[[ Provided material open ]]

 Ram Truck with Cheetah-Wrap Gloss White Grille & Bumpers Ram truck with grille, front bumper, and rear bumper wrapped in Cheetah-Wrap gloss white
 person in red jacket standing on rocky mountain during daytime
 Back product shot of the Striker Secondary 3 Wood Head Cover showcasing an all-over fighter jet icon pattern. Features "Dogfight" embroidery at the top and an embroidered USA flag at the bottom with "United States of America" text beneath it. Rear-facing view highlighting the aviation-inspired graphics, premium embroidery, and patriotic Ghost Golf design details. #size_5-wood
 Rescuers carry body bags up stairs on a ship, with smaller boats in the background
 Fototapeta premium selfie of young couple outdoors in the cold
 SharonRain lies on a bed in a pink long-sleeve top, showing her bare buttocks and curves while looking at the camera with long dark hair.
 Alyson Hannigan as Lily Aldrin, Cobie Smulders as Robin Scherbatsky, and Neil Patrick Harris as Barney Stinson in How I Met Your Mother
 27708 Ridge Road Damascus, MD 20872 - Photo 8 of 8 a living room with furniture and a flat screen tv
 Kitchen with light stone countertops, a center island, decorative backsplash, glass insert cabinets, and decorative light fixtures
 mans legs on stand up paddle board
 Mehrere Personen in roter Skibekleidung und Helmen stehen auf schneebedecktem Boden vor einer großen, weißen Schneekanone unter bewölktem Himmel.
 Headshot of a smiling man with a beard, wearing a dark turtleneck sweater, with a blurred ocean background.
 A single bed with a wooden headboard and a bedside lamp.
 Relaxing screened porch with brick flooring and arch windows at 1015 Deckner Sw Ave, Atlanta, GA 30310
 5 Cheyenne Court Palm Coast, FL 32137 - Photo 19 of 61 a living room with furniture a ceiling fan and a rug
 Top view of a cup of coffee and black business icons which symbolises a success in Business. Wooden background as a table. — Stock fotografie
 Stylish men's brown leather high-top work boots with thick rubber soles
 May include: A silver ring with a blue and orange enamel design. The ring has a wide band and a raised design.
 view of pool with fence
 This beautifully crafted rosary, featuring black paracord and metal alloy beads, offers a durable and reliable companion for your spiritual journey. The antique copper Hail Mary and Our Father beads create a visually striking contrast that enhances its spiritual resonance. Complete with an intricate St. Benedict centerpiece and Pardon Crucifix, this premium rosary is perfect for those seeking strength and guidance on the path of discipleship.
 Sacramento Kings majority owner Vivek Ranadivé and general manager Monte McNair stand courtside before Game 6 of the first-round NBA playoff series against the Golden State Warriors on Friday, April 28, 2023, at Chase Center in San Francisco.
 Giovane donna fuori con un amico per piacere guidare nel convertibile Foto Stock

[[ Provided material closed ]]

> [Requirement] Each line above is to be set down again verbatim.

> [Response box]
 Ram Truck with Cheetah-Wrap Gloss White Grille & Bumpers Ram truck with grille, front bumper, and rear bumper wrapped in Cheetah-Wrap gloss white
 person in red jacket standing on rocky mountain during daytime
 Back product shot of the Striker Secondary 3 Wood Head Cover showcasing an all-over fighter jet icon pattern. Features "Dogfight" embroidery at the top and an embroidered USA flag at the bottom with "United States of America" text beneath it. Rear-facing view highlighting the aviation-inspired graphics, premium embroidery, and patriotic Ghost Golf design details. #size_5-wood
 Rescuers carry body bags up stairs on a ship, with smaller boats in the background
 Fototapeta premium selfie of young couple outdoors in the cold
 SharonRain lies on a bed in a pink long-sleeve top, showing her bare buttocks and curves while looking at the camera with long dark hair.
 Alyson Hannigan as Lily Aldrin, Cobie Smulders as Robin Scherbatsky, and Neil Patrick Harris as Barney Stinson in How I Met Your Mother
 27708 Ridge Road Damascus, MD 20872 - Photo 8 of 8 a living room with furniture and a flat screen tv
 Kitchen with light stone countertops, a center island, decorative backsplash, glass insert cabinets, and decorative light fixtures
 mans legs on stand up paddle board
 Mehrere Personen in roter Skibekleidung und Helmen stehen auf schneebedecktem Boden vor einer großen, weißen Schneekanone unter bewölktem Himmel.
 Headshot of a smiling man with a beard, wearing a dark turtleneck sweater, with a blurred ocean background.
 A single bed with a wooden headboard and a bedside lamp.
 Relaxing screened porch with brick flooring and arch windows at 1015 Deckner Sw Ave, Atlanta, GA 30310
 5 Cheyenne Court Palm Coast, FL 32137 - Photo 19 of 61 a living room with furniture a ceiling fan and a rug
 Top view of a cup of coffee and black business icons which symbolises a success in Business. Wooden background as a table. — Stock fotografie
 Stylish men's brown leather high-top work boots with thick rubber soles
 May include: A silver ring with a blue and orange enamel design. The ring has a wide band and a raised design.
 view of pool with fence
 This beautifully crafted rosary, featuring black paracord and metal alloy beads, offers a durable and reliable companion for your spiritual journey. The antique copper Hail Mary and Our Father beads create a visually striking contrast that enhances its spiritual resonance. Complete with an intricate St. Benedict centerpiece and Pardon Crucifix, this premium rosary is perfect for those seeking strength and guidance on the path of discipleship.
 Sacramento Kings majority owner Vivek Ranadivé and general manager Monte McNair stand courtside before Game 6 of the first-round NBA playoff series against the Golden State Warriors on Friday, April 28, 2023, at Chase Center in San Francisco.
 Giovane donna fuori con un amico per piacere guidare nel convertibile Foto Stock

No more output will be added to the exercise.